_Problem requirements_
In the data below, find the line with "Close Up of" and the line with "May include: A", then restate both and every line between them exactly, minus the pictures.

_Supplied records_
########

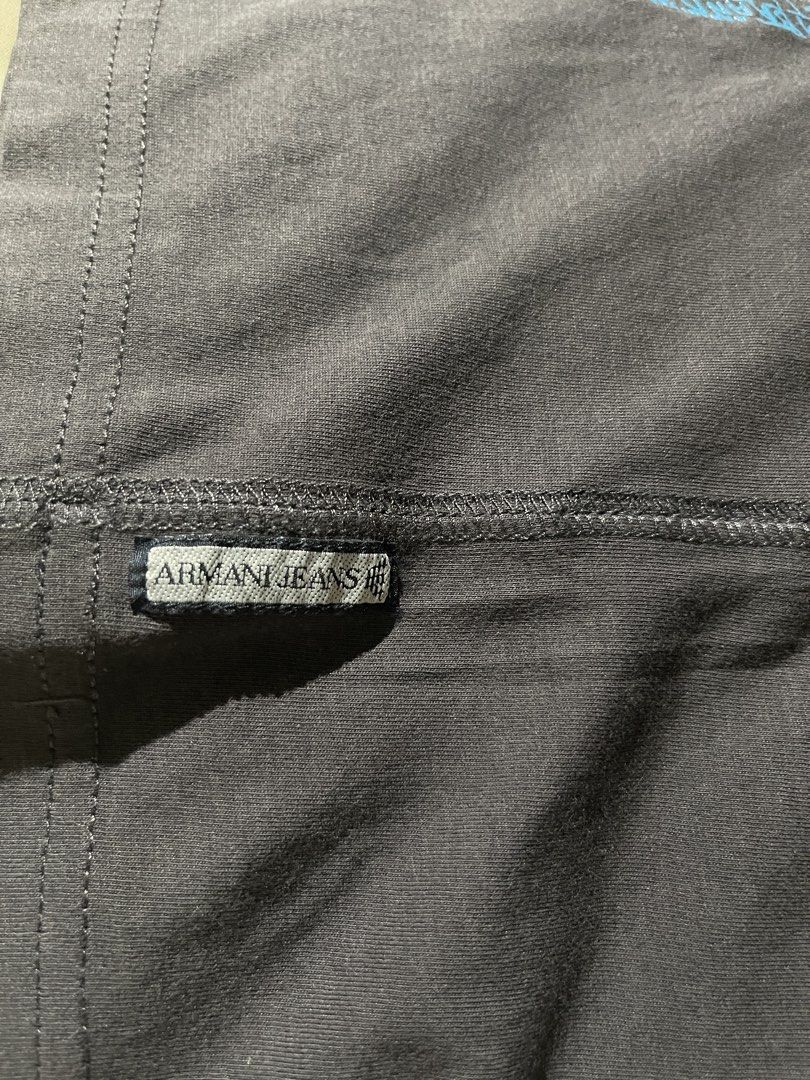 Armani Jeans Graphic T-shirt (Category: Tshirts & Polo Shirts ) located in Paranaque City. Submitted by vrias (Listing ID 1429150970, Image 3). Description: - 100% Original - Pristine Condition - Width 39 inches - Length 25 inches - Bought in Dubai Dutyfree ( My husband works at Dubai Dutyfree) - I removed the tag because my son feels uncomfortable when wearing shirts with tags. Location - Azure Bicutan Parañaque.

########

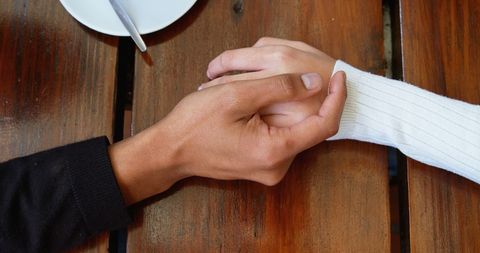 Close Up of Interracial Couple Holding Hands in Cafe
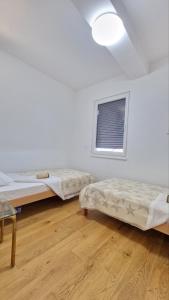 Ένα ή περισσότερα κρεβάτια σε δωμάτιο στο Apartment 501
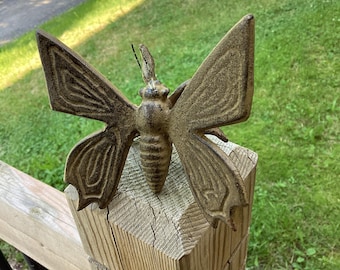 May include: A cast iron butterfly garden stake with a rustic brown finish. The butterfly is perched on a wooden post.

########

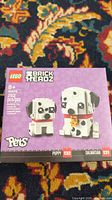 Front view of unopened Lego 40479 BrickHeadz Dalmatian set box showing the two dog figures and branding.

########

_Response area_
 Close Up of Interracial Couple Holding Hands in Cafe
 Ένα ή περισσότερα κρεβάτια σε δωμάτιο στο Apartment 501
 May include: A cast iron butterfly garden stake with a rustic brown finish. The butterfly is perched on a wooden post.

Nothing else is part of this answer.